Whenever the line is stopped, the business incurs costs that detract from profitability. These costs include not only the direct cost of lost production but also labour costs while the line is stopped, the cost of overtime and rush orders to catch up after the line is restored, and the cost of any rework or items scrapped due to the problem that caused the stoppage. There are costs associate with inventory waiting and the disruption to the normal flow of operations can cause inefficiencies. Moreover, there can be impact on customer commitments that can result in financial penalties.

On the other hand, it can be important to stop the line, if a problem is detected, to prevent production of defective units from continuing. The operator or production supervisor needs to know as quickly as possible in the event of an error. Line stoppages are undesirable and manufacturers need to ensure this happens as infrequently as possible to ensure best productivity and minimise unwanted costs. When stopping cannot be avoided, production needs to be restored as quickly as possible.

Tools for Troubleshooting

Today’s assembly equipment is loaded with sensors to detect issues such as blocked nozzles or pickup misalignment. Automatic inspection can be performed at multiple points in the line, including after screen printing, component placement, and reflow, using the results to assist troubleshooting in real time.

Manufacturers rely on software tools to help manage production equipment, detect any exceptions and defects, and provide information to production supervisors. These include dashboard applications that provide an instant appraisal of equipment and production status. There are also value-added tools such as Yamaha’s QA Options and the closely related Mobile Judgement app. Mobile Judgement can send details of any detected defects, including inspection images, directly to the supervisor’s smartphone to help assess the severity of the problem. Based on personal judgement, the supervisor can instruct the line to stop immediately if necessary until the issue can be solved.

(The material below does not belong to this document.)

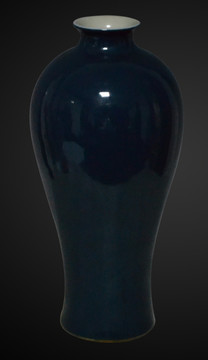 藍(lán)釉梅瓶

The Human-Machine Interface

These types of applications represent the place where machines and humans interact to solve the problems that inevitably arise during the normal course of a shift. The team in charge must apply their skills to deliver the required quantity of each batch and ensure that production runs to schedule.

This approach can be dependent on the quality of the tools provided to visualise the data captured from the various locations throughout the line. Identifying the causes of faults and applying a fix, quickly, also depends on the skills and knowledge of the supervisor staff-members present in the factory. If the company’s top supervisor is not on duty for any reason– maybe they are working another shift, on vacation, perhaps on sick leave – productivity could be impaired.

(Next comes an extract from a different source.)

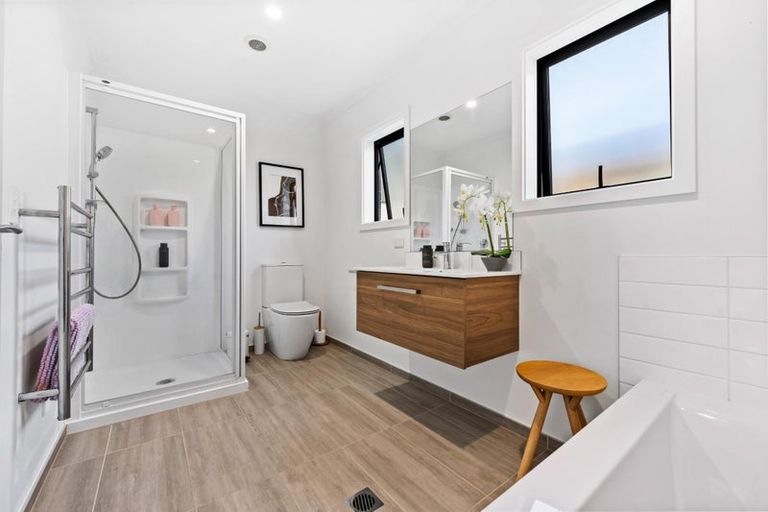 Photo of property in 3 Frances Bryers Road, Hobsonville, Auckland, 0616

The latest advancements in data science can help to eliminate dependence on individual judgement by automatically identifying the causes of any defects or other production problems. Guiding operators directly to these causes permits more consistent production performance. As an example of this emerging generation of software tools, the latest Yamaha YSUP Analytics Dashboard contains advanced tools that use statistical techniques to identify most likely causes of detected defects. It also recommends suitable corrective actions. The analytics tools work in addition to graphical tools that help visualise the performance of equipment in the production line.

The new YSUP Analytics Dashboard presents information in an easy-to-read format that can be interpreted at a glance. Ultimately, this enables every working shift to deliver consistently high production throughput and end-of-line yield, and drastically reduces stoppage time.

Based on a relational database with built-in querying capabilities that analyse data in-situ, the software identifies probable causes of recorded exceptions in near real- time using statistical techniques. The automatic analysis capabilities of the new dashboard application enable any authorised user to extract the information they need, analyse errors, and view corrective actions at any time. The tools available include automatic pickup error analysis, which uses analytical methods including flow judgement, error-code diagnostics, health-check data diagnostics, and image-recognition diagnostics. The user can view the time and circumstances of any pickup errors, see the exact location, and view corrective actions. Yamaha has verified the accuracy of automatic pickup error analysis using this tool in experiments performed with a lead customer, a major automotive tier-1 manufacturer. There are also built-in capabilities that assist root- cause detection, including management of automatic judgement results and countermeasure content tracing.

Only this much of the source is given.